En somme, dans le cadre de litiges devant les tribunaux, plusieurs raisons peuvent obliger une partie à devoir divulguer des secrets commerciaux à une autre. Des méthodes sont disponibles pour encadrer et limiter la portée d'une telle divulgation, sans lesquels les conséquences pour une entreprise pourraient être significatives.

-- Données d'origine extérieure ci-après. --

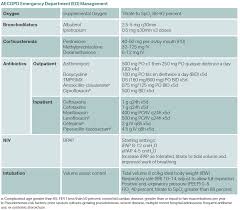 Image result for COPD Exacerbation Decision Tool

1. Négocier et présenter au tribunal une ordonnance conservatoire en amont de toute divulgation de secrets commerciaux

L'ordonnance conservatoire est l'entente qui intervient entre les parties en litige relativement à la gestion de la confidentialité pour l'ensemble du dossier. Dans cette entente, qui sera présentée et approuvée par le tribunal, les parties expliquent la classification des documents ainsi que les personnes pouvant avoir accès aux différentes classes de documents. L'ordonnance conservatoire est le pilier central de la protection des secrets commerciaux et elle est généralement le fruit de négociations substantielles entre les avocats des parties en litige, le tout pour s'assurer de couvrir l'ensemble des scénarios touchant la divulgation de renseignements sensibles. Ces négociations visent également à définir avec précision la classification applicable à chaque degré de sensibilité des documents, selon les circonstances de l'affaire (e.g., « Confidentiel » vs « For Lawyers' Eyes Only  »).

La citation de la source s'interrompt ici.